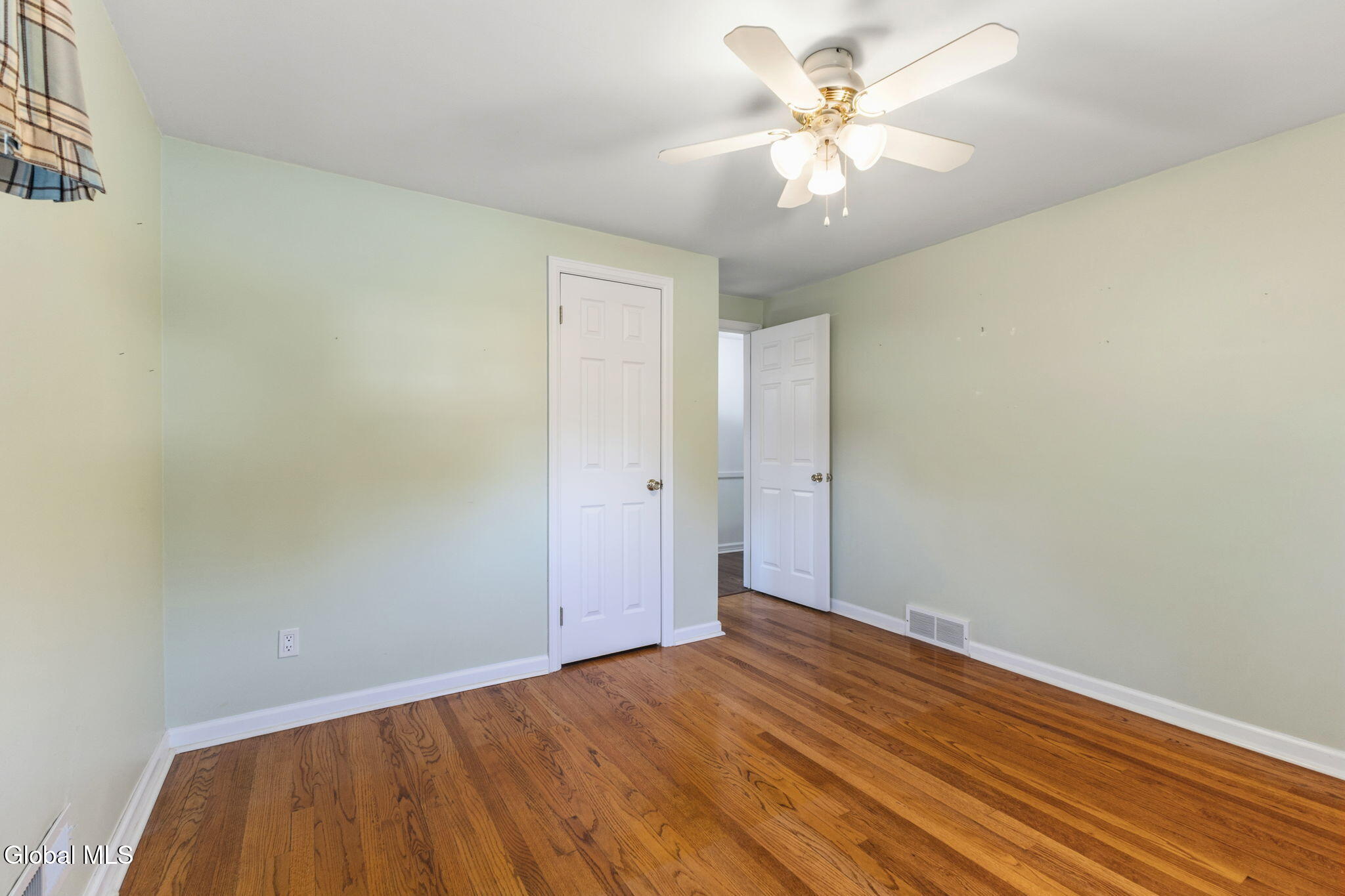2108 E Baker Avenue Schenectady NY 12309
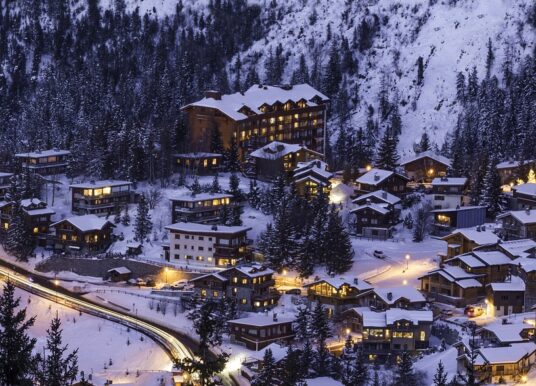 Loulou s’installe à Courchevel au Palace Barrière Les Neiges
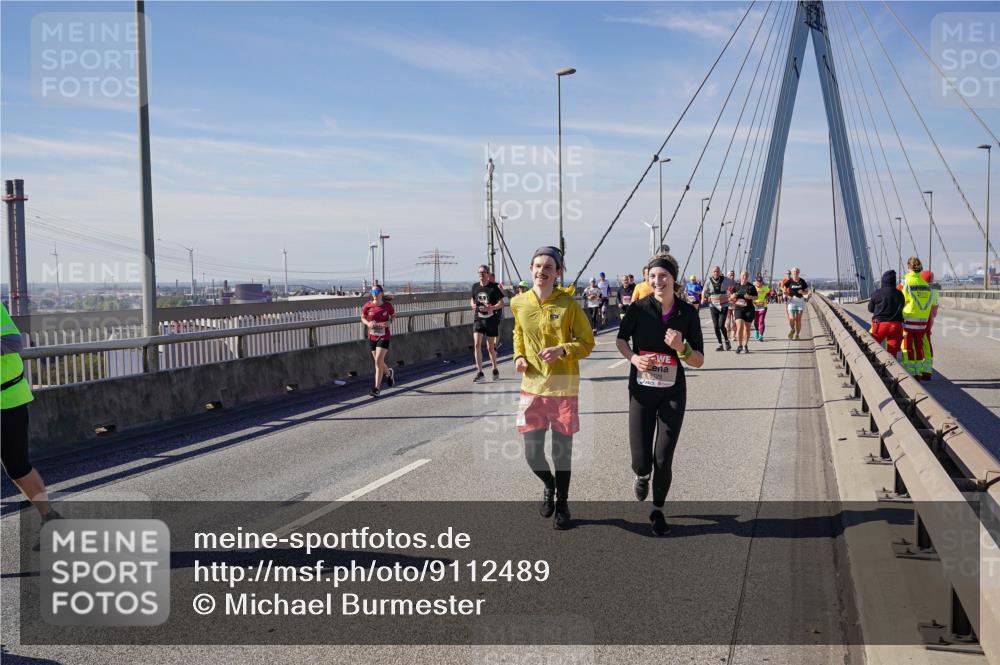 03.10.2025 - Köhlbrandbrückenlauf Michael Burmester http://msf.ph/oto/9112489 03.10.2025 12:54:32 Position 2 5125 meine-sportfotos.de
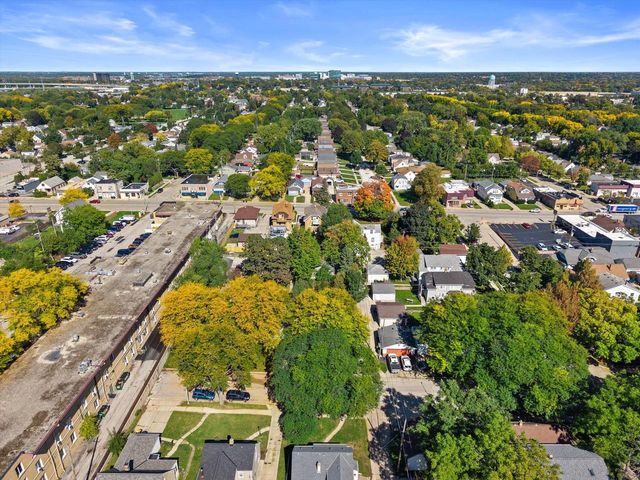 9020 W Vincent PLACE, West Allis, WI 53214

What the exercise asks → Each line of the listing above belongs in the answer exactly as written; the pictures do not.

Answer to this problem →
2108 E Baker Avenue Schenectady NY 12309
 Loulou s’installe à Courchevel au Palace Barrière Les Neiges
 03.10.2025 - Köhlbrandbrückenlauf Michael Burmester http://msf.ph/oto/9112489 03.10.2025 12:54:32 Position 2 5125 meine-sportfotos.de
 9020 W Vincent PLACE, West Allis, WI 53214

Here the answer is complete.